I am trying to solve a dummy environment, which outputs a random number, e.g.
5 and the goal is to provide two numbers, which when added to the observation, outputs a target value (e.g.
10). You can find the complete definition of the environment here.
While working on this topic, I found that AR models work much worse than a naive approach, which is completely counter-intuitive. I started digging deeper and created
FakeTorchMultiCategorical action distribution, which mimics behavior of
TorchMultiCategorical, but instead of accepting concatenated logits of both actions, it accepts internal features of the model, and the logits are calculated and concatenated inside the constructor (see here). I also verified that the algorithm I am using, PPO, isn’t doing anything strange between model inference and action distribution instantiation. So, inside
ppo_torch_policy.py I found:
logits, state = model(train_batch) curr_action_dist = dist_class(logits, model)

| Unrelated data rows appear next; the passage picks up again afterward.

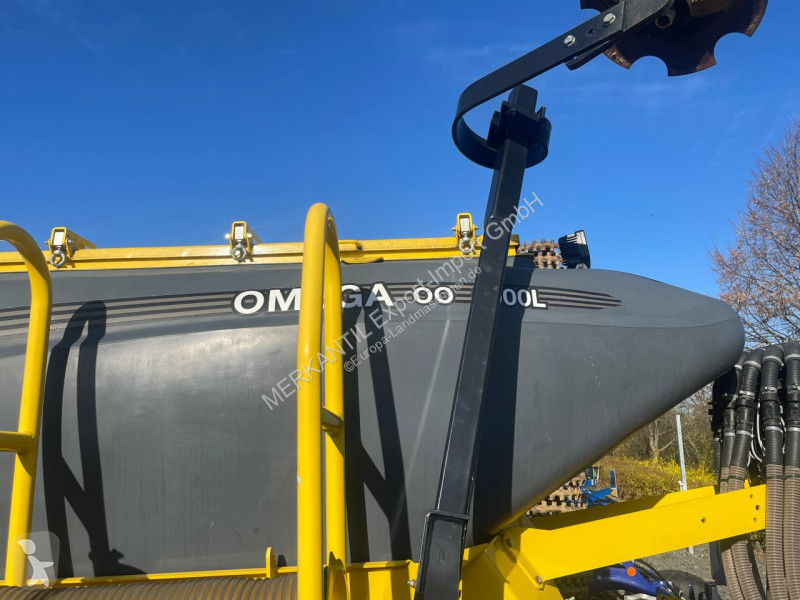 Såmaskine   Bednar OO 3000 l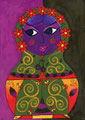 Baboushka. © Saelle Knupfer, 2008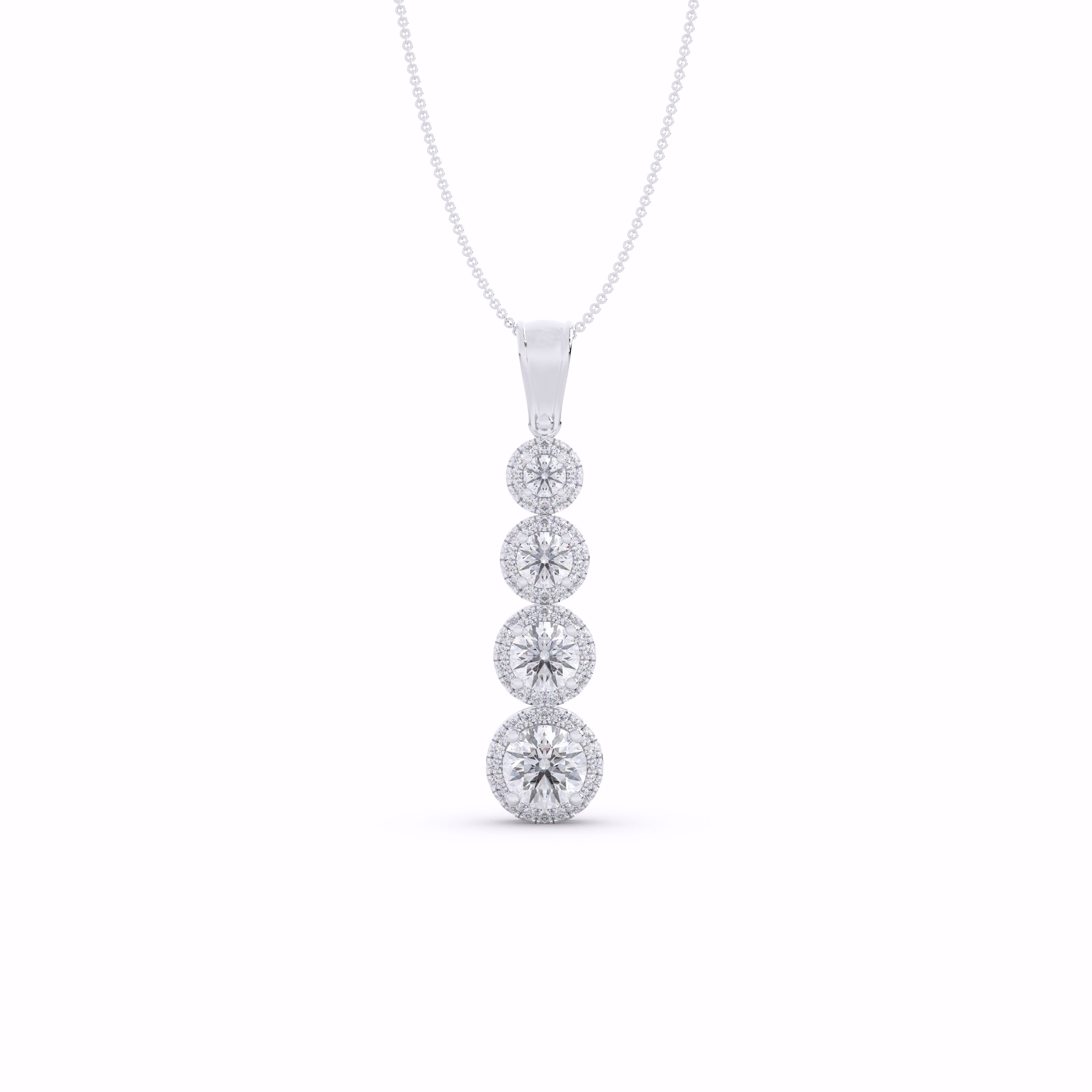 diamond necklace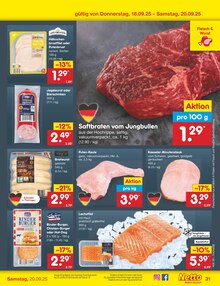 Hähnchen im Netto Marken-Discount Prospekt "Aktuelle Angebote" mit 51 Seiten (Dresden)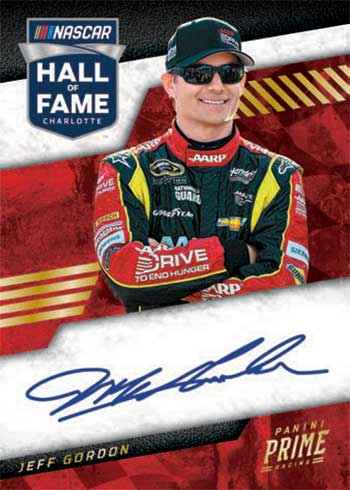 2023 Panini Prime Racing Sealed Case - 8 Hobby Boxes
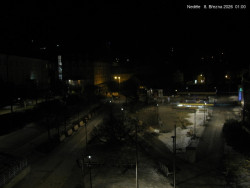 Kolonáda, náměstí Svobody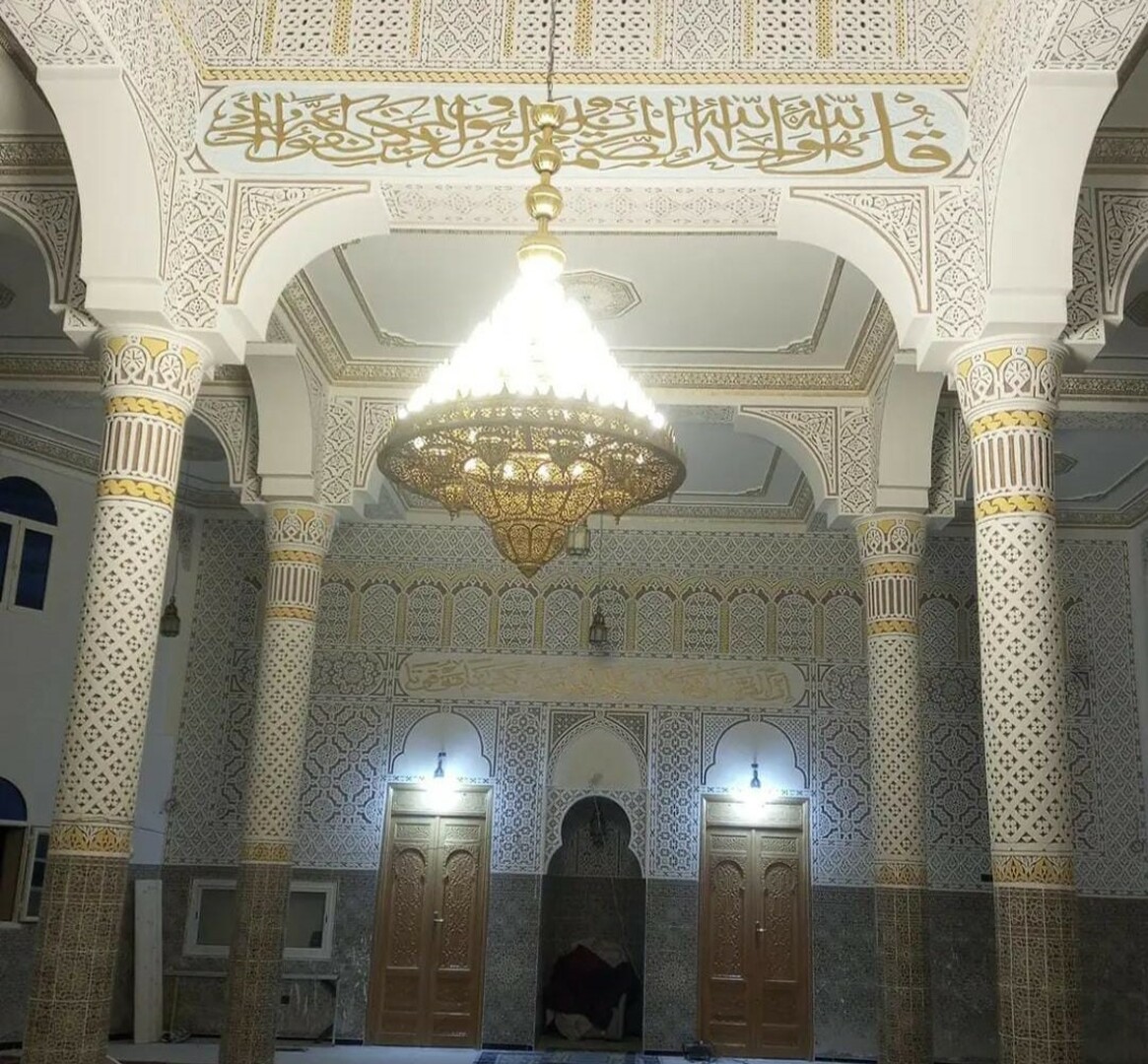 مسجد تيميط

which looks fine. I’ve just moved logits calculation from
dist_class, in some sense similar to one of your examples.
This, however, completely breaks the training and the agent can no longer achieve a decent performance. You can see the training plots here. The plots (e.g. losses and entropy) of the
baseline run are much better than the remaining ones. The question is, why there is a difference between the
baseline run and the
Do you have any idea what I am doing wrong?